Q3: Limitations and potential societal impact.

A3: We would like to clarify that we had discussed the limitations of our OminGaze and the potential societal impact below in the Appendix Sec. G. Thank you.

Limitation. One limitation of our algorithm is that it needs a large amount of unlabeled data, varying in facial appearances, illumination conditions, head poses, and eye occlusions, which may be time-consuming to collect. However, in practice, enormous face images can be easily accessed by crawling from the Internet [6] or synthetic generation using generative models [3]; we compile face images from six public datasets [1,2,3,4,5,6] to construct a large-scale unlabeled dataset encompassing over 1.4 million images, which covers significant data diversity. In the future, we will attempt to collect face images from more sources to train a more capable student model for generalizable gaze estimation in the wild. Additionally, though the reward model evaluates the reliability of pseudo labels and selects high-quality ones, OmniGaze still requires repeating the teacher model and reward model several times (i.e., pseudo-label update strategy) to refine pseudo labels like many previous semi-supervised learning algorithms, which incurs extra computational costs. Therefore, an important consideration in future research is the balance between computational cost and the quality of pseudo labels provided by the teacher model. Moreover, though the reward model utilizes VLMs [18] and MLLMs [19] to offline extract visual features and generate scene-specific descriptions, respectively, it still requires extra computational budget for pseudo-label assessment during the training phase. Note that we directly discard the reward model during the testing phase without any network architectural modification or extra inference cost introduced to the base model.

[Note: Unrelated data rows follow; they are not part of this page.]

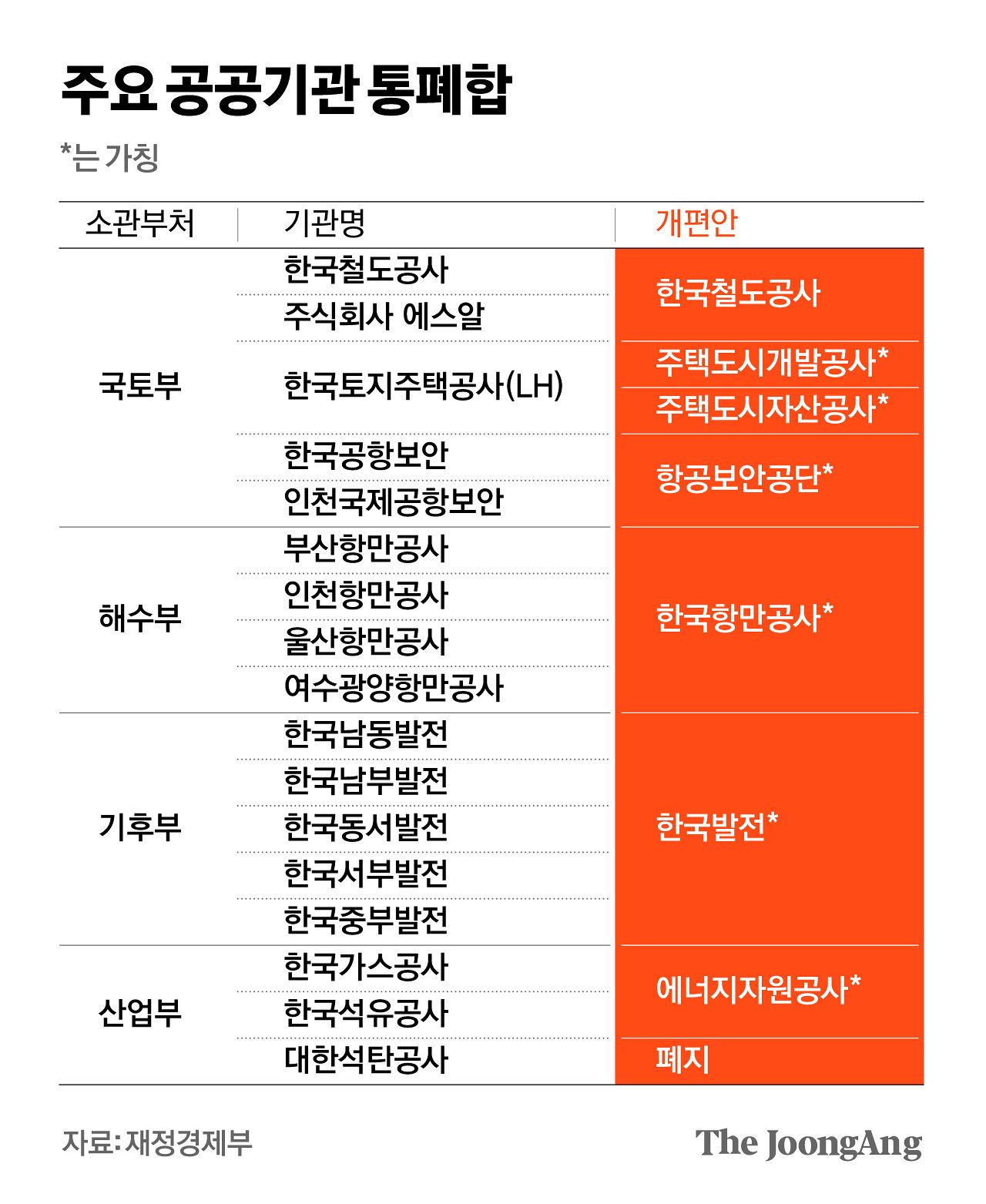 김영희 디자이너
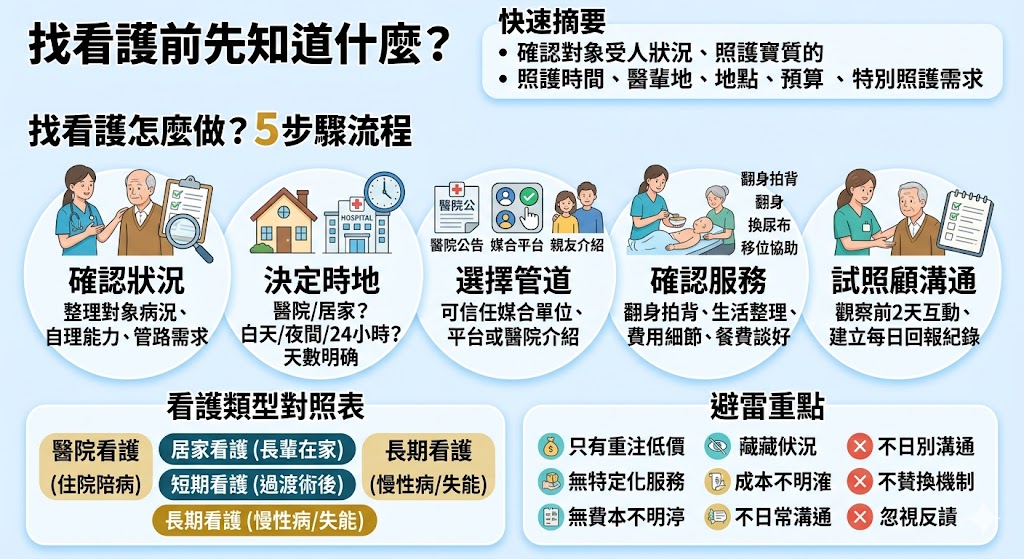 找看護前，家屬應先確認照護對象的身體狀況、服務地點、照護時間與預算，才能找到合適的人選。本文整理找看護的流程、費用判斷、醫院看護與居家看護差異，以及常見避雷重點，幫助第一次找看護的家屬快速掌握安排方向，降低臨時找人、溝通不清與照護落差的風險。
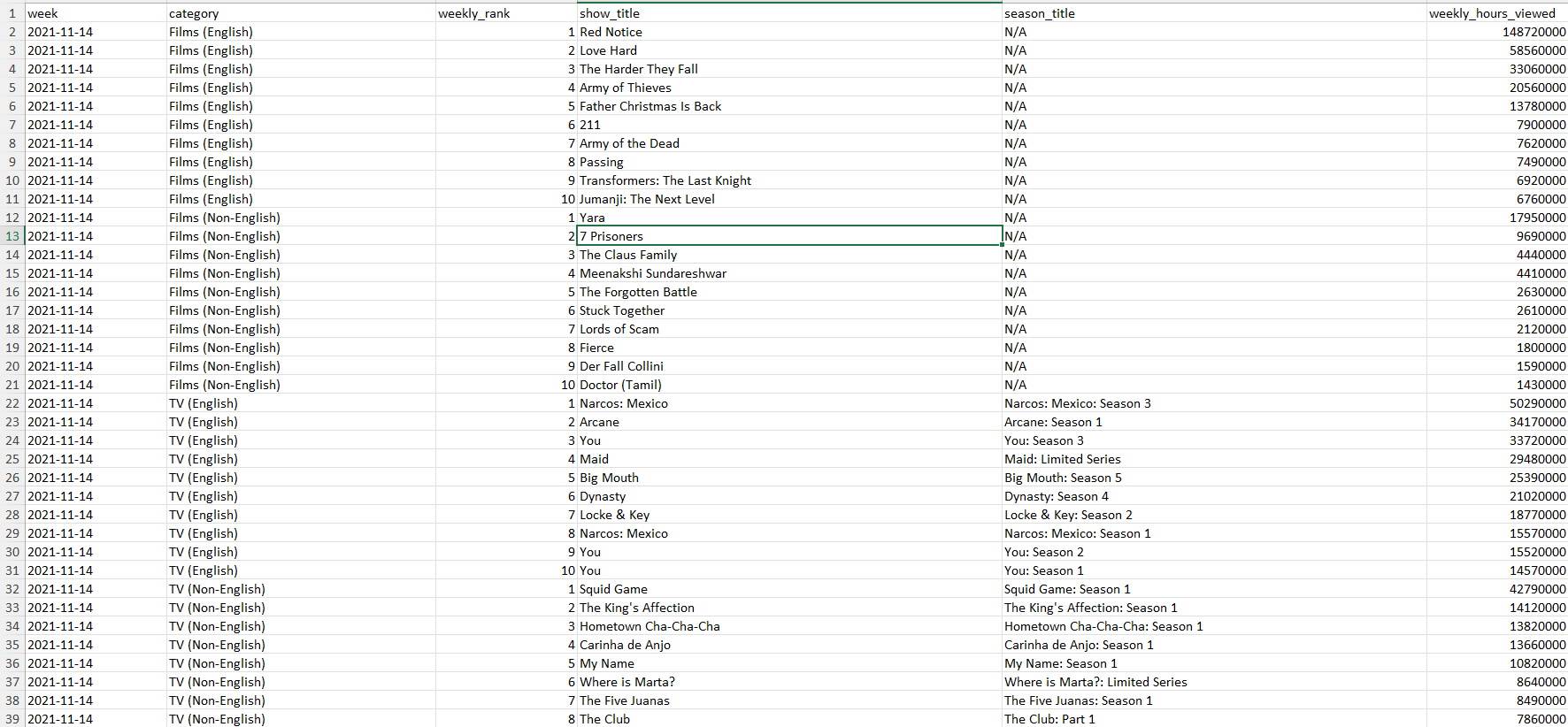 Top 10 globalna tabela.jpg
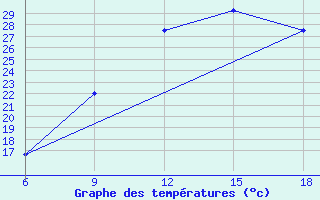 Courbe de tempratures pour Naama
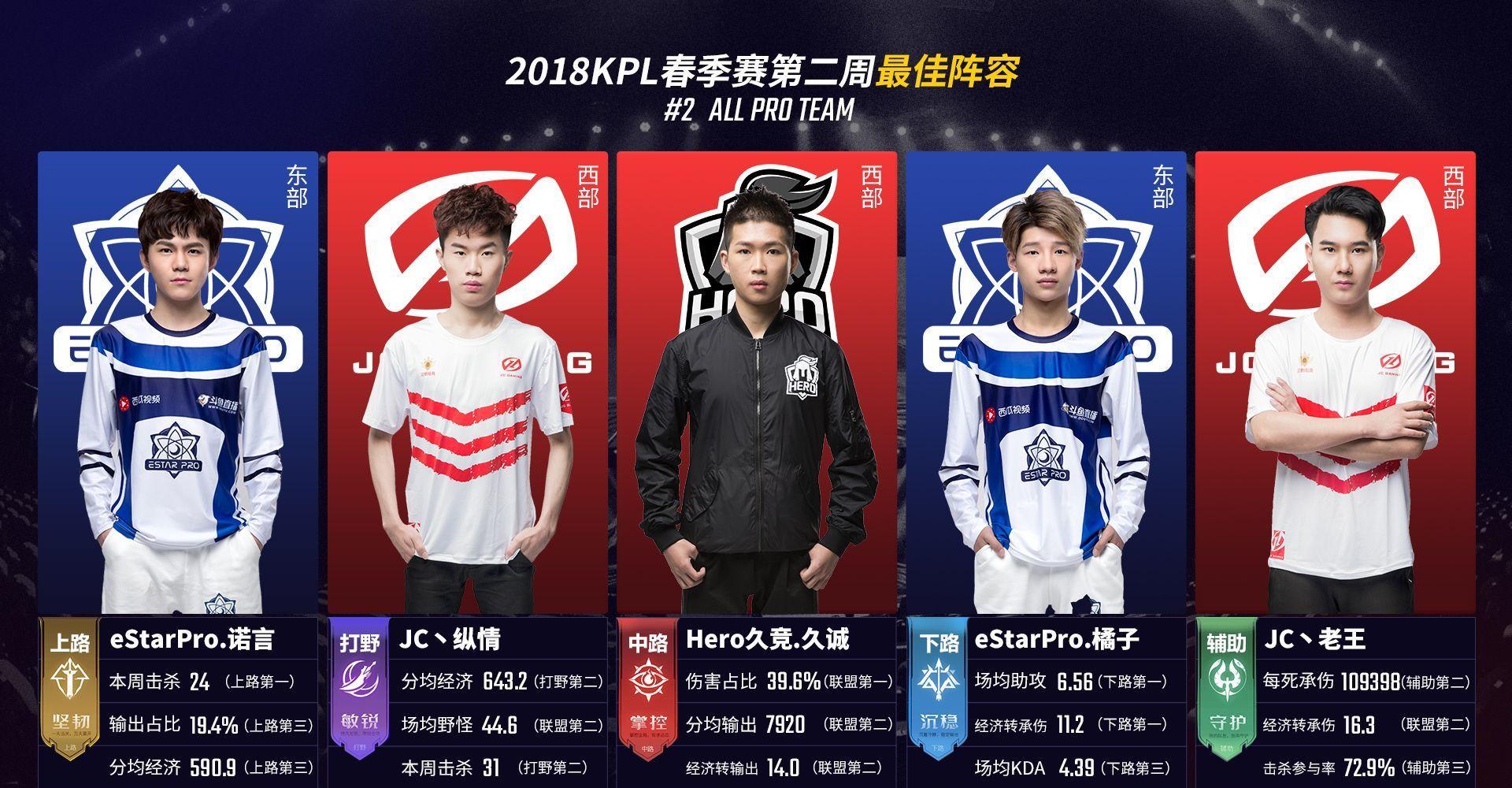 中都有实证 中都有实证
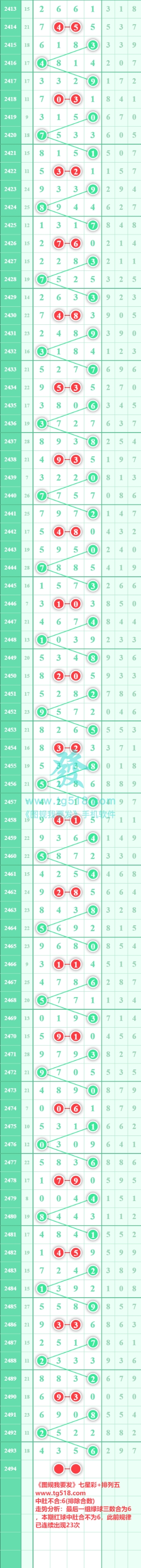 规律图片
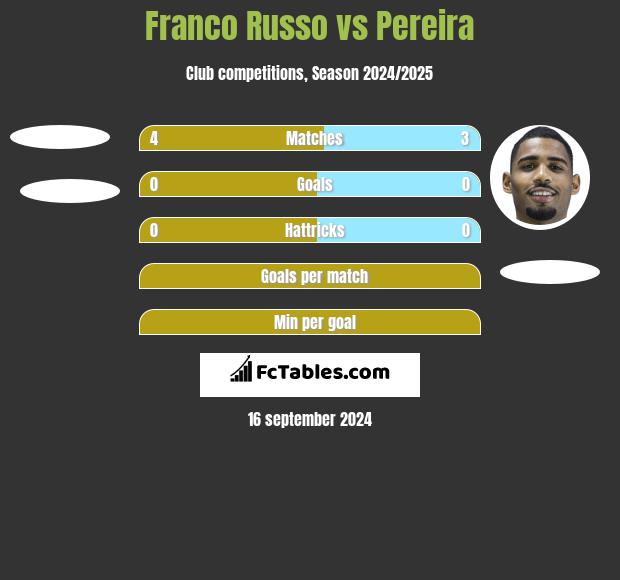 Franco Russo vs Pereira h2h player stats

Broader Impact. This work introduces OmniGaze, a powerful semi-supervised framework for generalizable gaze estimation in the wild via harnessing both labeled data and large-scale unlabeled datasets, which overcomes the limitations of previous solutions struggling to generalize across diverse data domains due to the scarcity and insufficient diversity of annotated datasets. Like every coin has two sides, using our framework will have both positive and negative impacts. On the positive side, OmniGaze pushes the boundary of gaze estimation algorithms, particularly under the cross-domain and zero-shot settings that are common in real-world scenarios. This advancement can significantly contribute to a number of potential real-world applications, e.g., virtual reality [20,21,22], human-computer interaction[23,24,25], and autonomous driving [26,9]. For potential negative social impact, the reward model in OmniGaze relies heavily on VLMs [19] and MLLMs [18] for pseudo-label assessment, thus leading to the reinforcement of biases and inequalities inherent in the data used during their large-scale pre-training stage. In addition, it is essential to ensure that gaze algorithms do not invade the privacy of people by adhering to ethical standards and legal regulations, so as to avoid potential negative societal impacts.